Oracle scheduling: controlling granularity in implicitly parallel languages

  • Authors:
  • Umut A. Acar;Arthur Charguéraud;Mike Rainey

  • Affiliations:
  • Max Planck Institute for Software Systems, Kaiserslautern, Germany;Max Planck Institute for Software Systems, Kaiserslautern, Germany;Max Planck Institute for Software Systems, Kaiserslautern, Germany

  • Venue:
  • Proceedings of the 2011 ACM international conference on Object oriented programming systems languages and applications
  • Year:
  • 2011

Quantified Score

Hi-index 0.00

Visualization

Abstract

A classic problem in parallel computing is determining whether to execute a task in parallel or sequentially. If small tasks are executed in parallel, the task-creation overheads can be overwhelming. If large tasks are executed sequentially, processors may spin idle. This granularity problem, however well known, is not well understood: broadly applicable solutions remain elusive. We propose techniques for controlling granularity in implicitly parallel programming languages. Using a cost semantics for a general-purpose language in the style of the lambda calculus with support for parallelism, we show that task-creation overheads can indeed slow down parallel execution by a multiplicative factor. We then propose oracle scheduling, a technique for reducing these overheads, which bases granularity decisions on estimates of task-execution times.
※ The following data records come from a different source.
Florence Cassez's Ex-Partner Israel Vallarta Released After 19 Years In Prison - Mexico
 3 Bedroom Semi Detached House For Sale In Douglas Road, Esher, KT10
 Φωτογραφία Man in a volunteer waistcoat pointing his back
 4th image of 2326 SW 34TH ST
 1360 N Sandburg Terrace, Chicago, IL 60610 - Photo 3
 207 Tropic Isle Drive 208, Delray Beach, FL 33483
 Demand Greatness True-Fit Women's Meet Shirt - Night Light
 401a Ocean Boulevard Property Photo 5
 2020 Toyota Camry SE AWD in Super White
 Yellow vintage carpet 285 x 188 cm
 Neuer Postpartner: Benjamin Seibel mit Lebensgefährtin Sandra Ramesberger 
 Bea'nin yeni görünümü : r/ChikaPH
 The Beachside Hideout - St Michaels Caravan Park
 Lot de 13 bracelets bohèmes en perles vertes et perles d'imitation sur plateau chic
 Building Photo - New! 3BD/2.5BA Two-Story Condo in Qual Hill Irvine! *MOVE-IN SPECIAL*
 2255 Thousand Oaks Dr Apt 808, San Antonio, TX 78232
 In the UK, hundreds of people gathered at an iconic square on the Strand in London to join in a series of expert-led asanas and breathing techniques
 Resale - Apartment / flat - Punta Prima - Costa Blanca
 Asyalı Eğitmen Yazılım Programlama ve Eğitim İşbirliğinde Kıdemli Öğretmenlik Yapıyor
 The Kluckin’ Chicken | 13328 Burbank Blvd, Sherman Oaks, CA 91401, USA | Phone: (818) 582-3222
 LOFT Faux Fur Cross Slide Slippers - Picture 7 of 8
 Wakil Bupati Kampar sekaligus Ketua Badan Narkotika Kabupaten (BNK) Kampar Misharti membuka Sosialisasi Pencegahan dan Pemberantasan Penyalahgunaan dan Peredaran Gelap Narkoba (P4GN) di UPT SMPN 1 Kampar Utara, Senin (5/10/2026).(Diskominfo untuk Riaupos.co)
We prove that, for a class of computations, oracle scheduling can reduce task creation overheads to a small fraction of the work without adversely affecting available parallelism, thereby leading to efficient parallel executions. We realize oracle scheduling in practice by a combination of static and dynamic techniques. We require the programmer to provide the asymptotic complexity of every function and use run-time profiling to determine the implicit, architecture-specific constant factors. In our experiments, we were able to reduce overheads of parallelism down to between 3 and 13 percent, while achieving 6- to 10-fold speedups.